Short text fragments from websites
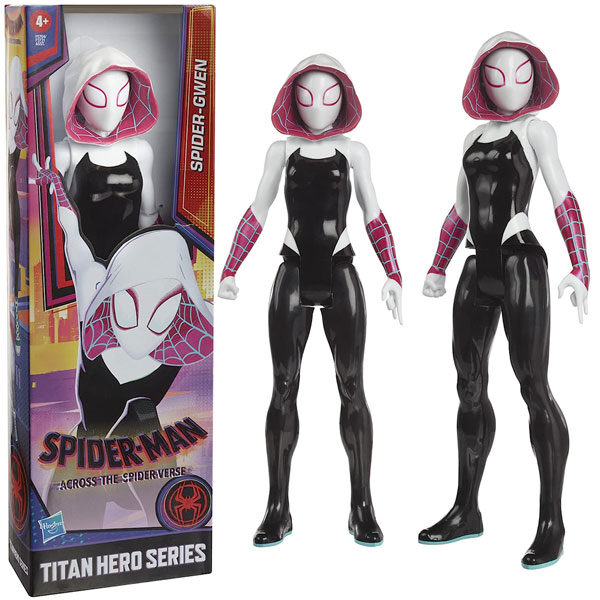 Spider-Gwen - Spiderman Titan Hero series Hasbro F5704/F3731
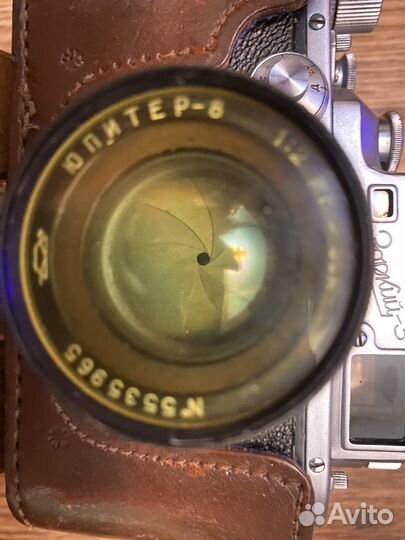 Пленочный фотоаппарат зоркий3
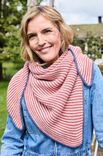 Lana Grossa TREKANTSKJERF Landlust Alpaka Merino 160 - Strikkeoppskrift (NO)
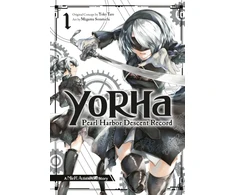 KNYGA Yoko Taro YoRHa: Pearl Harbor Descent Record - A NieR:Automata Story 01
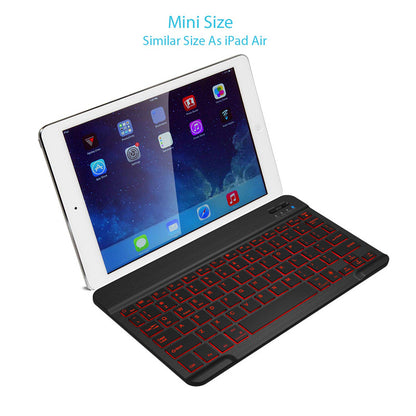 Wireless Bluetooth Keyboard and Mouse Combo for Tablet & PC – Slim External Keyboard Set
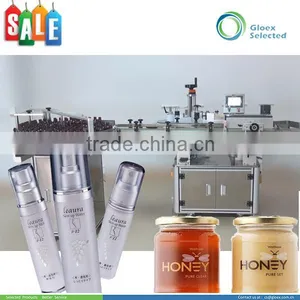 Vertical Type Automatic Round Container Labeling Machine for Cans thumbnail-1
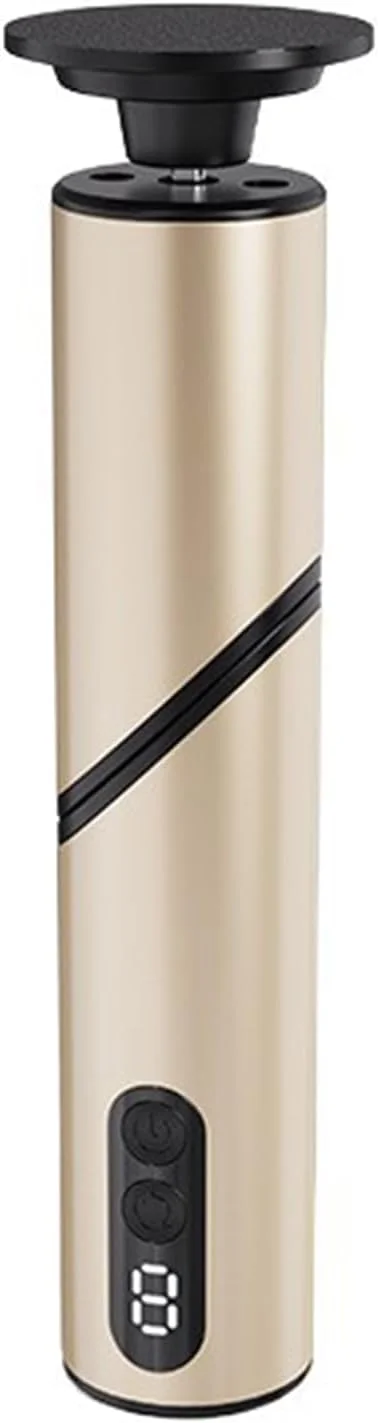 دستگاه پدیکور برقی 9 سرعته فساکوز، از بین برنده پینه پا با عملکرد باتری، دسته محوری و چرخش به جلو/عقب دستگاه پدیکور برقی 9 سرعته فساکوز، از بین برنده پینه پا با عملکرد باتری، دسته محوری و چرخش به جلو/عقب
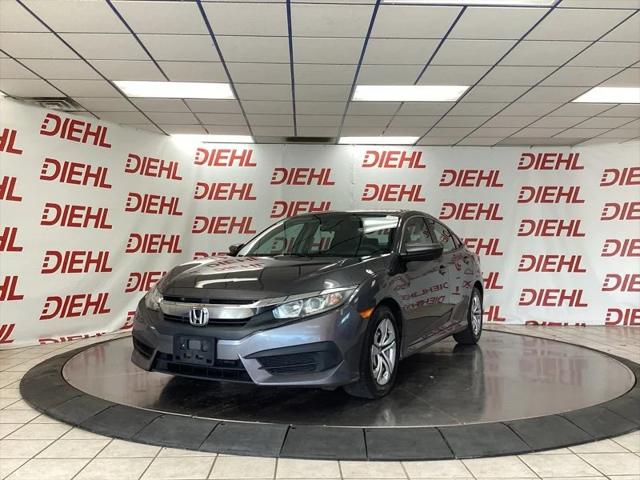 2016 Honda Civic LX 2016 Honda Civic LX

• [Work to be completed]: Excluding the pictures, retype the line containing "Vertical Type Automatic" and all lines after it down to the end of the data above.

• [Task solution]:
 Vertical Type Automatic Round Container Labeling Machine for Cans thumbnail-1
 دستگاه پدیکور برقی 9 سرعته فساکوز، از بین برنده پینه پا با عملکرد باتری، دسته محوری و چرخش به جلو/عقب دستگاه پدیکور برقی 9 سرعته فساکوز، از بین برنده پینه پا با عملکرد باتری، دسته محوری و چرخش به جلو/عقب
 2016 Honda Civic LX 2016 Honda Civic LX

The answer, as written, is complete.